Ok, I know a some about vehicles, but not as much as all of you, I am assuming. LOL.. Here's the issue

I have a 1990 Nissan Stanza GXE, Auto tranny.

Here's the big issue.. If I start the car in the morning, after sitting for a while, the car runs fine.. But if I re-start afer about a hour, it will miss on cyl #4. Replaced plugs, checked wires, not the issue.. Looks like a little oil is leaking from the valve cover gasket, maybe towards the distributor, the cap looks a little loose... But why intermidently?
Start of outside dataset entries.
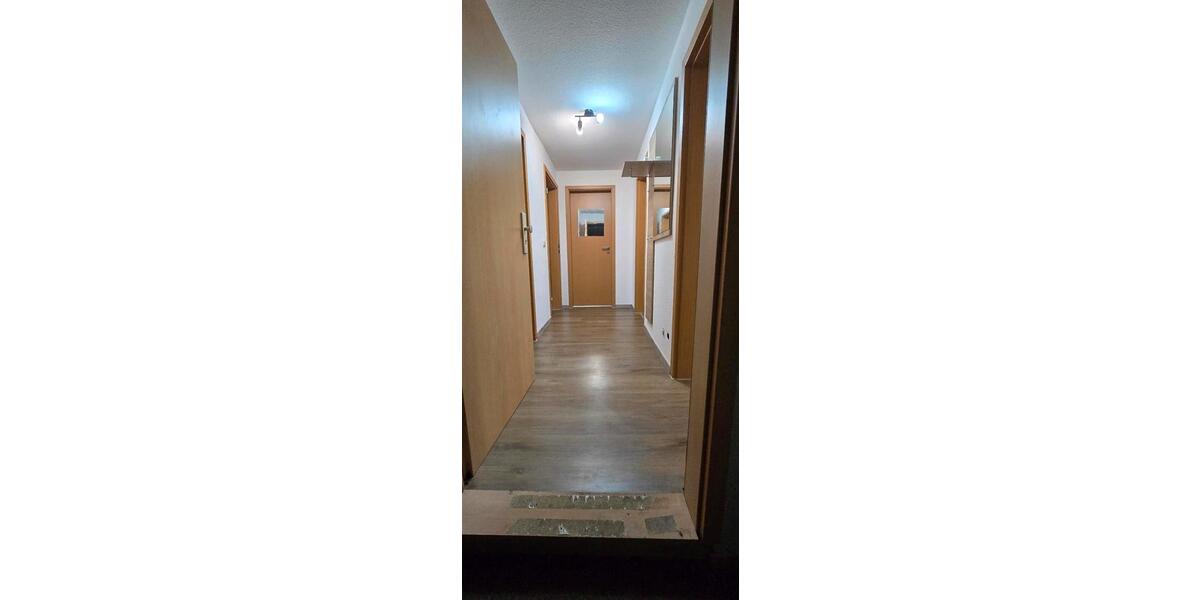 Dachgeschoßwohnung Hartha - 3 Zimmer, 53 m&sup2;, 310&euro; | Angebot:26424655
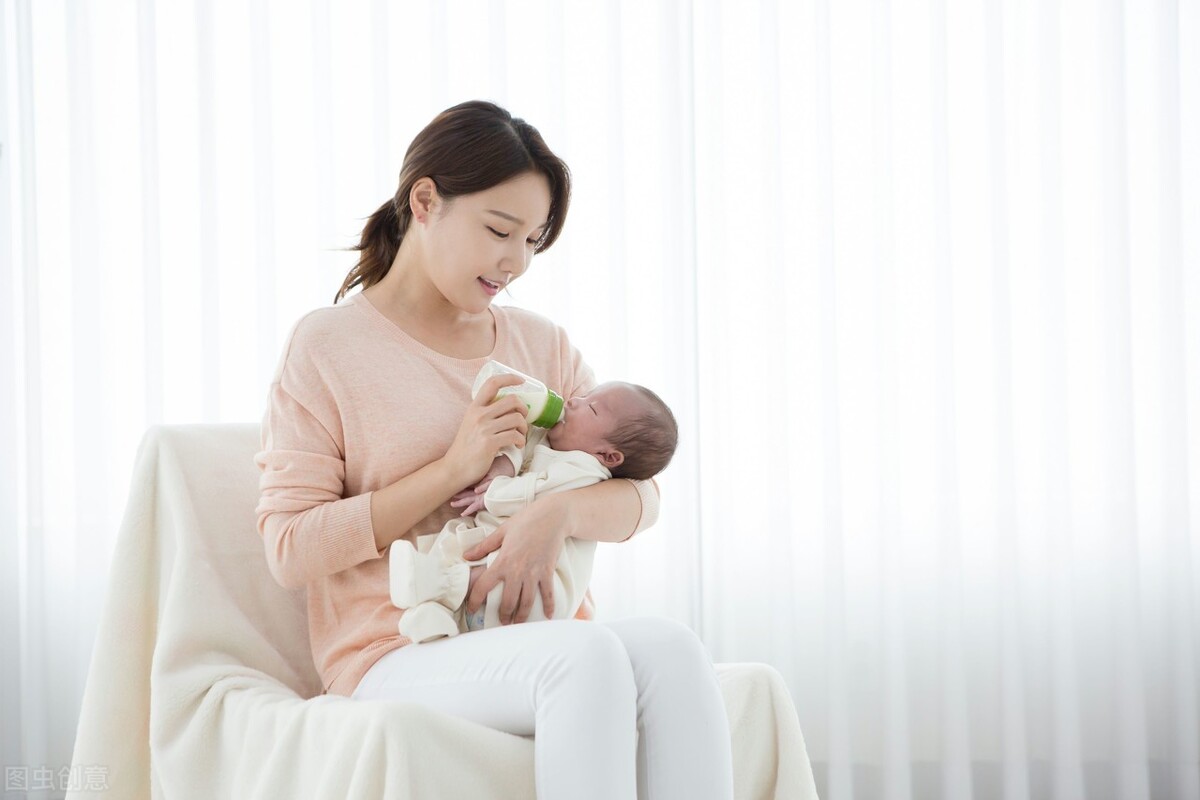 母乳喂养:初乳那么少,新生儿怎么吃才管够?花三分钟了解一下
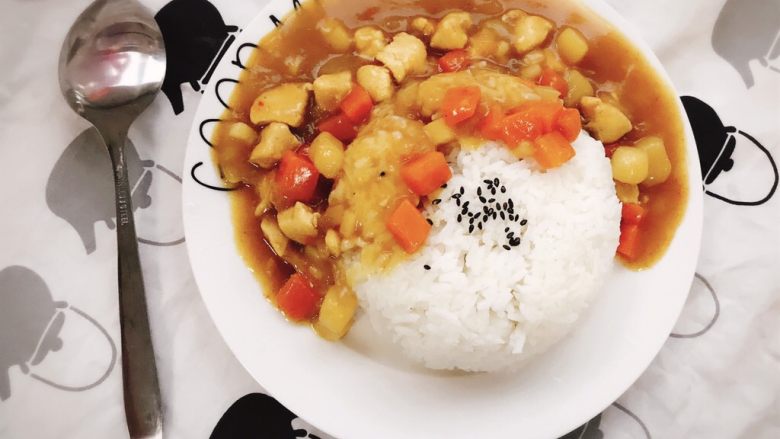 私房咖喱鸡饭,搭配一碗白米饭,咖喱鸡饭超美味~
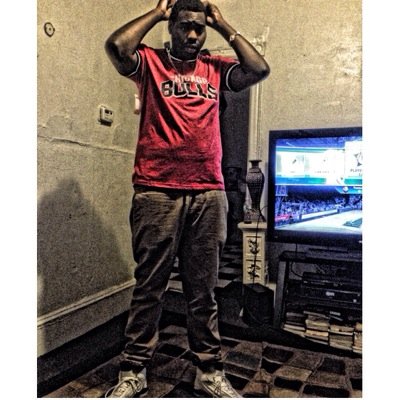 thrown watcher just waiting for my chance to make you watch ...#LakerNation #MambaLife #HTown #609 or die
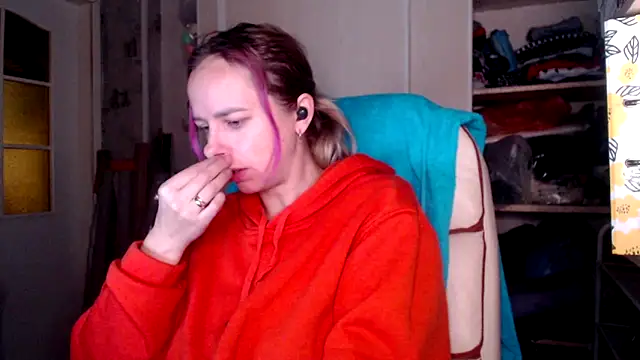 las sweet online show from 11/17/25, 09:02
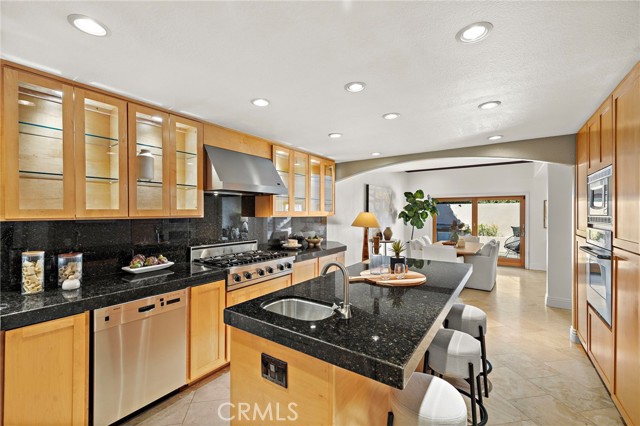 Detail Gallery Image 9 of 41 For 923 Balboa Avenue, Laguna Beach,  CA 92651 - 3 Beds | 2/1 Baths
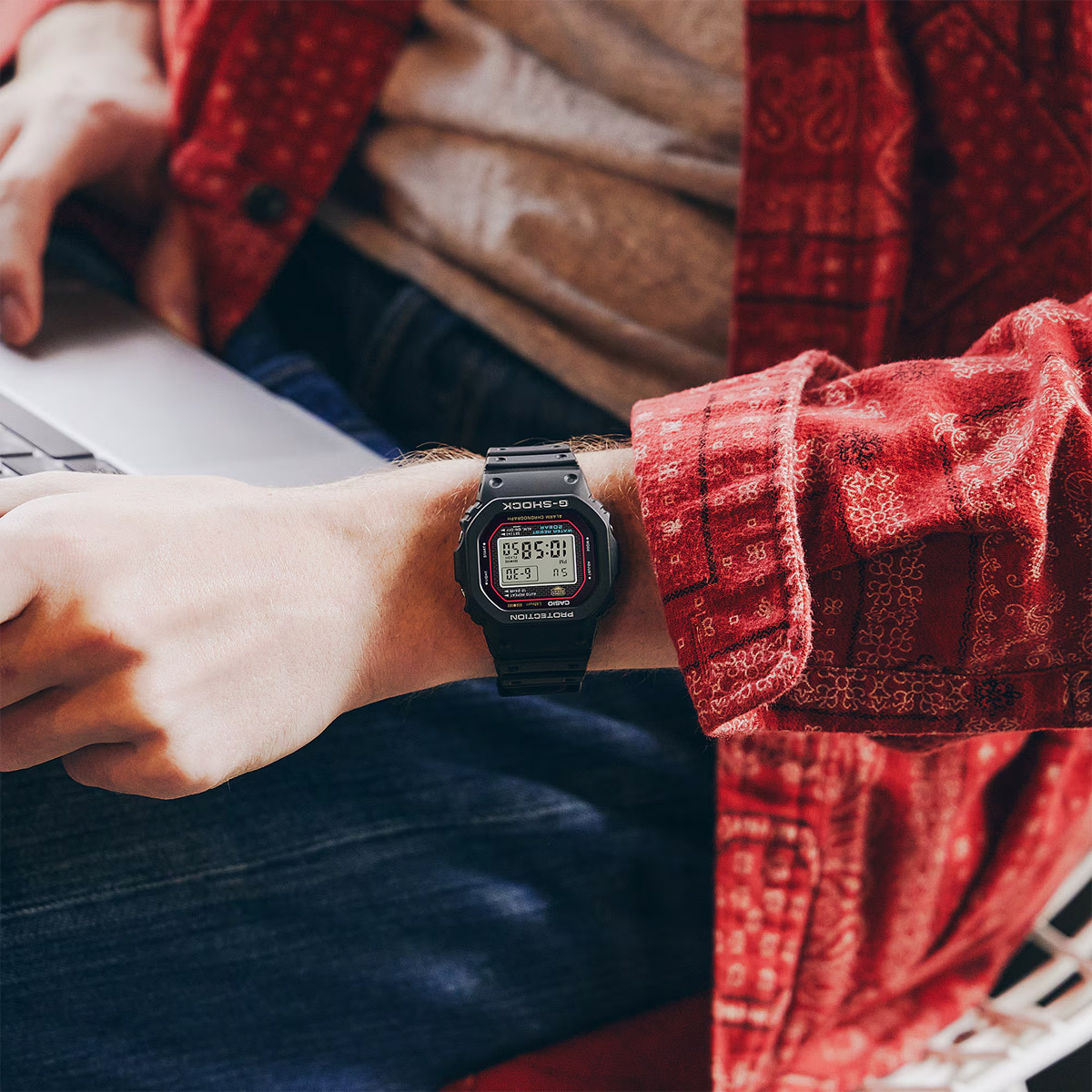 Casio DW-5000R-1A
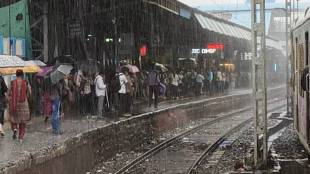 heavy rains in vasai virar delay western railway trains by 20 25 minutes due to waterlogging
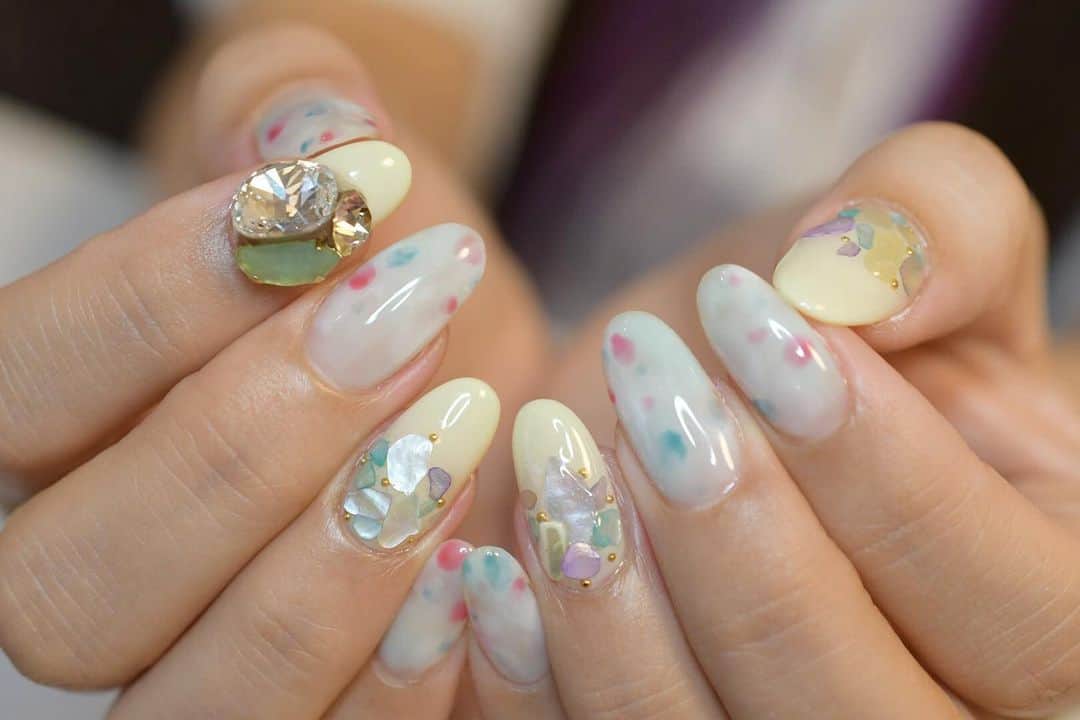 Yuka Maeda ::manicurelistのインスタグラム：「#ポッピングシャワー #ポッピンシャワー だとおもっていた #まあまあタグ多くてビックリ（笑） #31アイスクリーム #アイスネイル . 大阪市北区 梅田.中崎町.駅から徒歩7分🚶‍♀️ CADENAS nail eyelash  マツエクアカウント @cadenaseyelash LINE:@ cadenas 🆔検索🙋‍♀️ tel:06-4792-8617. cadenas.nail@gmail.com. . #ネイル #ジェルアート #大人かわいい #梅田ネイル #堂山町 #大人ネイル #個性派ネイル」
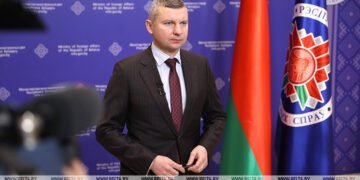 Говорителят на МВнР на Беларус Анатолий Глаз: Полша финансира екстремисти и подготвят бойни отряди срещу беларуското население!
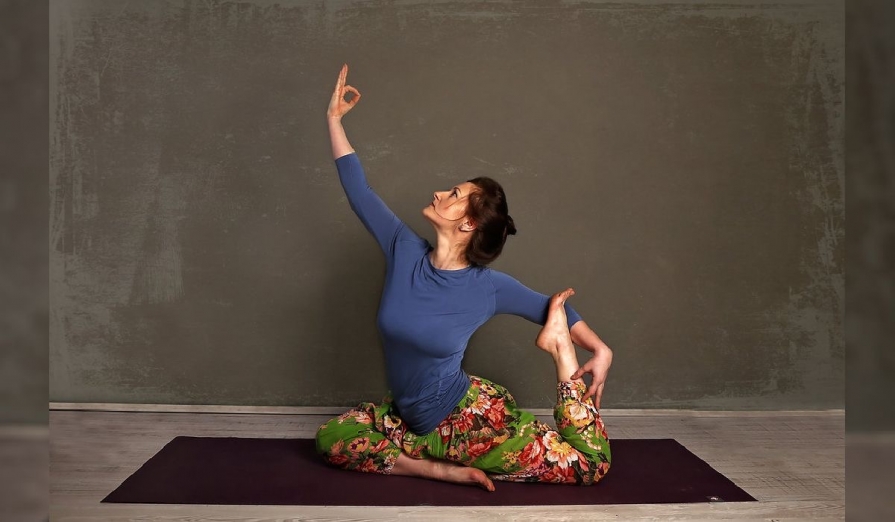 Maria Doboș: „Yoga este călătoria de la tine spre tine, prin tine.” Maria-Doboș-instructor-yoga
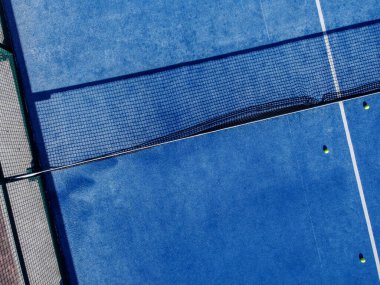 mavi raket tenis kortunda toplar, İHA ile hava manzarası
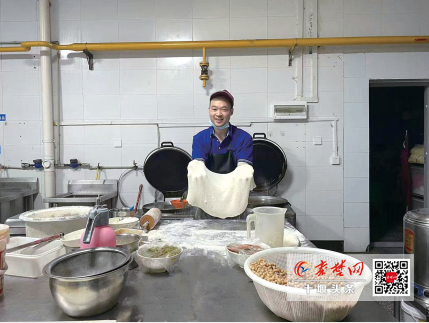 徐志海每天忙着做饼谋生。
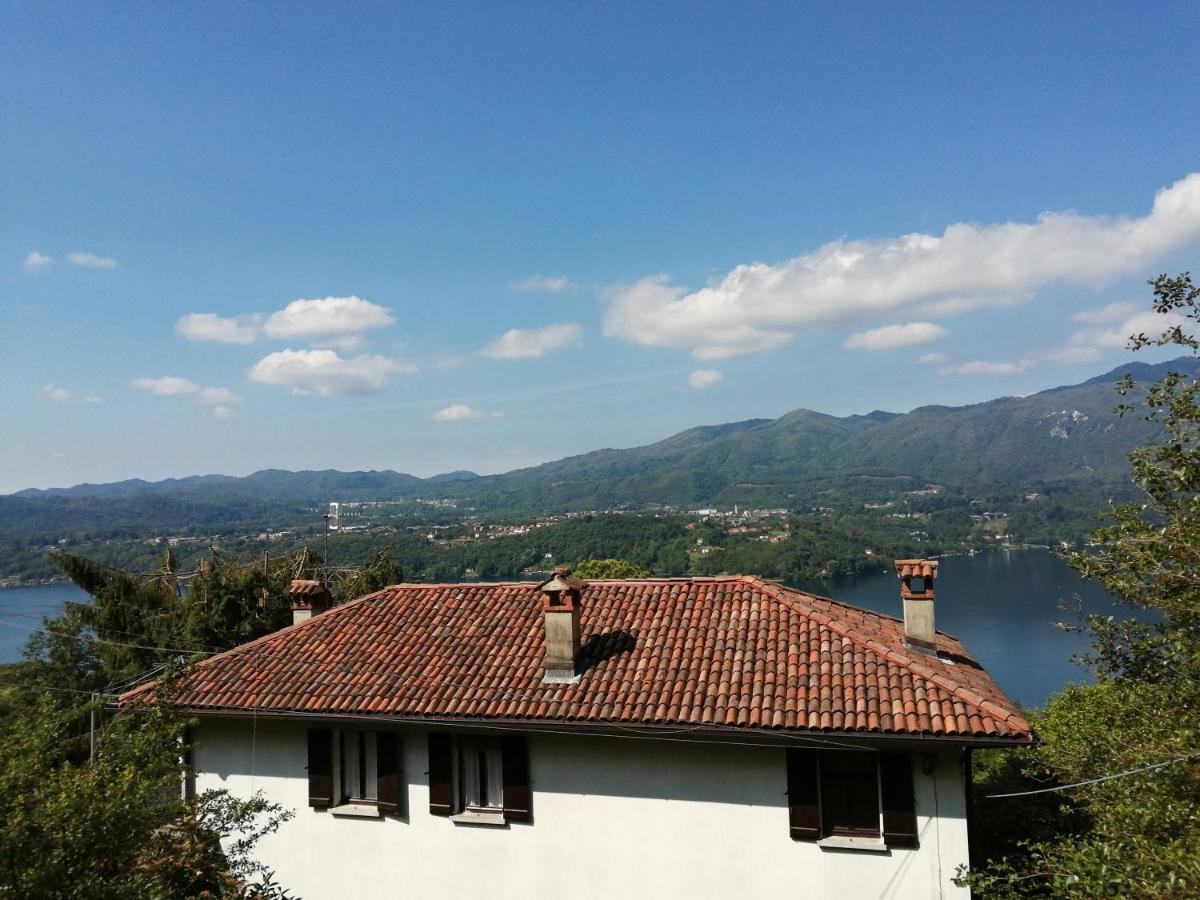 Terrazza sul lago Ameno Esterno foto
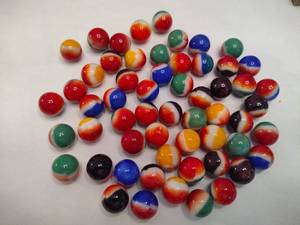 lot 92 image: Vitro All Reds, All Blacks & Misc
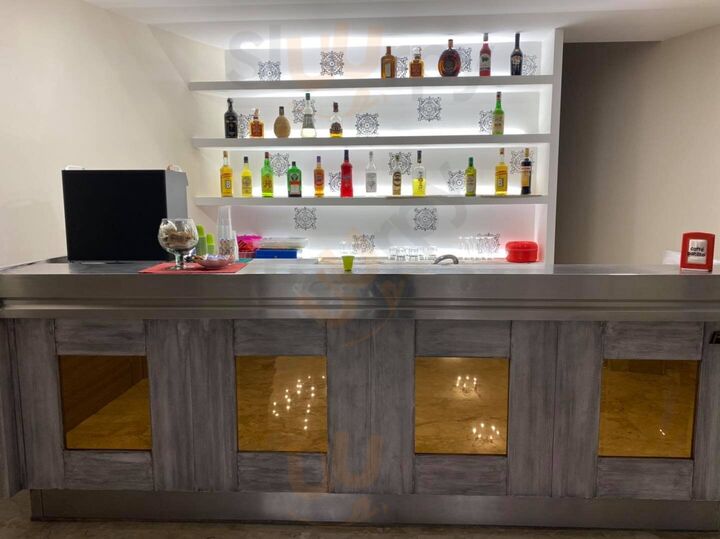 Foto di Ristorante Grotta Rossa Balera - 8/10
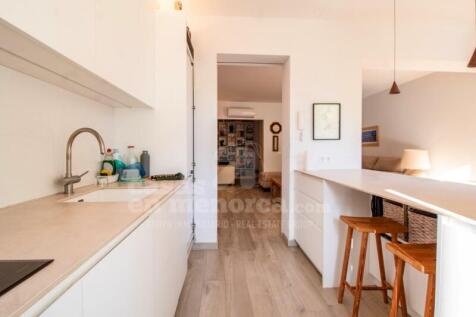Kitchen House in Mahon
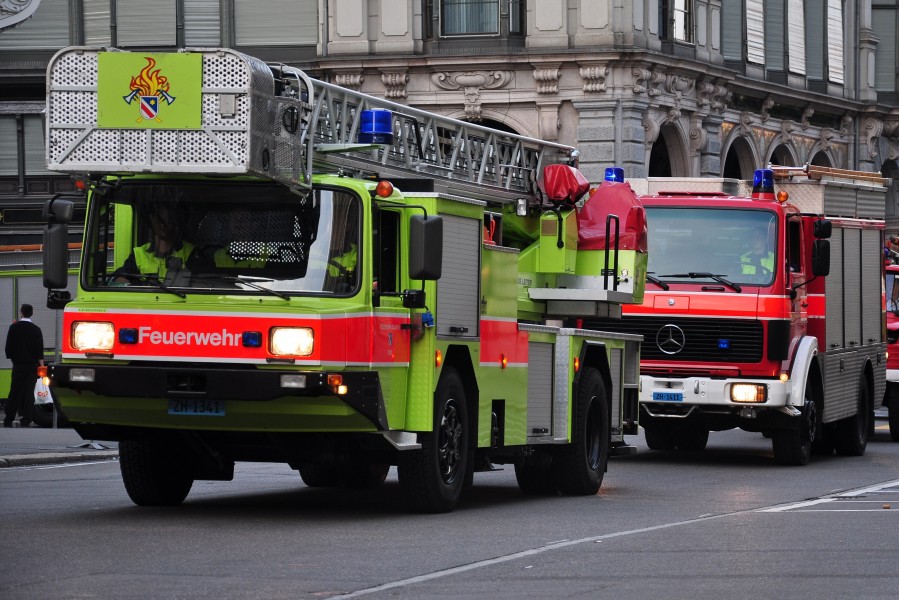 10 Jahre SRZ - Schutz & Rettung Zürich - 'Parade' - Feuerwehr Zollikon 2011-05-13 20-32-00 ShiftN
Odd..

A while back the vehicle RPM limiter would hold it below 2300 RPM, but the problem cleared up after a day.

I transmission seems to be ok some of the time, at low speeds, but when the vehicle shifts into overdrive, the transmission does not want to hold gear.. If I step on the gas even a little more than required to sustain speed, the transmission partially slips out of gear, and revs, at times it feels as if it is going into a passing gear, but then slips out of that as well, it almost red-line before shifting into 3rd.. So I got used to it, and drive it like it's normal LOL... In the tranny fluid, I see POSSIBLY metal shavings, and possibly a little burnt smell.. Seems that the tranny fluid is WAY TO HIGH.. But the motor mounts are partially shot, seeming that possibly the transmission is sitting at a odd angle... Not really a big issue until it goes..

Any ideas? Leave a commment if you want.


----------



## edeprez (Aug 2, 2006)

*Same problem with 92' stanza*

That would be great if someone knew what is causing this problem, because i have another 92' stanza sitting around for parts. I guess i could just swap the transmissions but that is a lot of work, hopefully there is a better option than that. 

If i were you i wouldn't get too worked up about the slipping, because i have drove my car like that for the last 15k miles


----------